One of the young men, his hair pulled back into a bun, spotted the family and nodded. His girl and their friends were oblivious to the family as they hauled their gear to the campground. Their too-loud conversation, overtop a playlist of southern rock, suggested they’d started their partying much earlier.
“I guess we have neighbors,” Jason said. Kim frowned.
Hastily propping up their tents a few yards away, the four loud young people grabbed backpacks and headed off into the maze of toadstools. They took their southern rock with them.
The sun eventually settled in the west – an amazing red glow behind the wall of buttes that circled the valley. The shadows of the toadstool formations stretched toward their campsite until, finally, everything became shadow. Absent of city lights, the sky had become a deep ocean of diamonds, just as the websites promised.
For a while, following s’mores, the two boys and their dad played hide-and-seek within the rock wonderland. Sam, tall and wiry, could climb high, while Benjamin sought out hollows and clusters and crouched within them until his laughter gave him away.
He was always the first to be found…
Until he wasn’t.
Kim, reading by lantern, realized that something was wrong when she heard her husband and Sam calling out for Benjamin. Their flashlight beams swept across rock formations.
Dropping her book, she grabbed the lantern. She fought off images of her little one struggling to breathe, two snakebite holes in his ankle. She imagined him broken at the bottom of a rock he had tried to climb.
But Benjamin was fine. He eventually came running and laughing – proud of how he’d tricked his big people. He got scolded a little and hugged a lot.

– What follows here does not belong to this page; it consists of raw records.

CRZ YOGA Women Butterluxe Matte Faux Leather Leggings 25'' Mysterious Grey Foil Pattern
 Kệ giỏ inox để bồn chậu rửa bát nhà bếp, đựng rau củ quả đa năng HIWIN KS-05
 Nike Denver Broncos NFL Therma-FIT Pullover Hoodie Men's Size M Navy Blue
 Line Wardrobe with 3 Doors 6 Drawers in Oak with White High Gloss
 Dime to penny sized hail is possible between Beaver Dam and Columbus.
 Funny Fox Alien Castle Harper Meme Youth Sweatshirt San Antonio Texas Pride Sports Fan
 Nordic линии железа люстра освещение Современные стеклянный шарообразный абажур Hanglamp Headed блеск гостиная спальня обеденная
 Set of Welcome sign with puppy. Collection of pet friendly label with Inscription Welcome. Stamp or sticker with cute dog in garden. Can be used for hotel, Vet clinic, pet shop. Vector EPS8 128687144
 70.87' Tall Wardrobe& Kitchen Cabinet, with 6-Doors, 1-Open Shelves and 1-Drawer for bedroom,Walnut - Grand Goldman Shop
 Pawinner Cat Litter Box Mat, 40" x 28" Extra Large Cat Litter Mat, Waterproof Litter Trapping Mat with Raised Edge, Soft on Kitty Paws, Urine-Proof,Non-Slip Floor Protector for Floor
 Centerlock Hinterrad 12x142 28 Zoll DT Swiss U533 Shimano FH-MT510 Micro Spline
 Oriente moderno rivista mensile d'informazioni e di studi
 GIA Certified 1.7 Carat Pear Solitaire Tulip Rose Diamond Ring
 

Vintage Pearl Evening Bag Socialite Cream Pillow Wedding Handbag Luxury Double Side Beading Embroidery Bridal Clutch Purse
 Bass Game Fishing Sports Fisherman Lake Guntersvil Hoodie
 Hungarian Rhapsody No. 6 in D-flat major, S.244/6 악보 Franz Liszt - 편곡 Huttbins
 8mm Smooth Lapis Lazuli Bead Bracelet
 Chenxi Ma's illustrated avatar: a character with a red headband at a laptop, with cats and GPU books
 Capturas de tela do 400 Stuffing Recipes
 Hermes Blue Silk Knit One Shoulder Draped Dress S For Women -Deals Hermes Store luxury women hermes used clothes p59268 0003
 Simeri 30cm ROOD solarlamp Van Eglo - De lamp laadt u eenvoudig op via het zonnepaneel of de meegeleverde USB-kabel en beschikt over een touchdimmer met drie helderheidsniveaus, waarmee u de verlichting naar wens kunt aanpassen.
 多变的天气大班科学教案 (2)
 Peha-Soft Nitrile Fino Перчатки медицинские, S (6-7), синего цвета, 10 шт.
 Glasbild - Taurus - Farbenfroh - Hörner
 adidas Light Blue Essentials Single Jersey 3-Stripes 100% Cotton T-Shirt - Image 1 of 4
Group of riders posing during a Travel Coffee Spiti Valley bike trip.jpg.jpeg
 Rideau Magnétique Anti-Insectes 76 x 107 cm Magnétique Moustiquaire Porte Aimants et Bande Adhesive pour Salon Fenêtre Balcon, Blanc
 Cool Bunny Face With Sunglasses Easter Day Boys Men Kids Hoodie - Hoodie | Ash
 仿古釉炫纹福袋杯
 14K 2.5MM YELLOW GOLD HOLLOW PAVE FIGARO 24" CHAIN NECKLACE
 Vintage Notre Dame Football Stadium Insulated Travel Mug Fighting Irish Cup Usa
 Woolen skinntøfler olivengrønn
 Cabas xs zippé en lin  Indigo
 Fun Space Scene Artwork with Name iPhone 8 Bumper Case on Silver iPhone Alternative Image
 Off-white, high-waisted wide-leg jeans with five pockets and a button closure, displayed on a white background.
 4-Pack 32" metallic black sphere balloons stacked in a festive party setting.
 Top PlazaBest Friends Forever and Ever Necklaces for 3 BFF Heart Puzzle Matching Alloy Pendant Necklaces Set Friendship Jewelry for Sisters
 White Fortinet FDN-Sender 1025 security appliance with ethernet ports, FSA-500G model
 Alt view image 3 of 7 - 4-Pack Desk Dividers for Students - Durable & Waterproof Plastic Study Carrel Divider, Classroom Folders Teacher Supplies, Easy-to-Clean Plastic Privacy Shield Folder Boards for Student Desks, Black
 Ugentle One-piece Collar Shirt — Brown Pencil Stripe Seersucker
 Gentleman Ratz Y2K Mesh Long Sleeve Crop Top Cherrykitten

The two couples returned near midnight. Their Bluetooth speaker had run out of juice, but they hadn’t. At one point, Jason was going to say something, but Kim stopped him.
“They’ll go to sleep soon,” she’d said. It wasn’t soon, but eventually the profanities and drunk laughter died off, and the young couples slipped off to their tents, where they made another kind of noise. Fortunately, Sam and Ben had already fallen asleep.
The next morning, Kim got them packing early. As they pulled out, the tent and gear strapped tightly atop their SUV, Jason noticed that Benjamin sat especially alert, staring out his window as Sam played on his phone. “Really neat, isn’t it, buddy,” he said, patting the boy’s knee. Ben smiled, though for a moment, there was something in his eyes that wasn’t a smile. His dad, focused on driving, didn’t notice. Didn’t notice, also, the fingers slowly narrowing. The hair, thinning.
As their car continued away from Goblin Valley, red dirt and rock flanked the narrow road out of the state park. Mesquite trees, sage brush, and small cacti surrounded them. The thing that wasn’t Ben struggled to hold this form.
Behind them, they left the couples, sleeping off their hangovers. Jason and Kim also left the little boy who had once been theirs. He continued sleeping deep in the forest of rock toadstools, but would soon wake. The creatures crouched around him, waiting. Patient, they knew that this kind of sleep – an old, but necessary trick of theirs – took longer than natural sleep to leave the body. One of them snatched a scorpion from a nearby rock and bit it in half, chewing slowly.
They didn’t look much like the picture from Sam’s phone. Small, yes. Their skin was grey and thick. Eyes like a desert night sky stripped of its stars. Certified dark.
At least sometimes the creatures looked like this. It was another trick of theirs, of course, that sometimes they didn’t.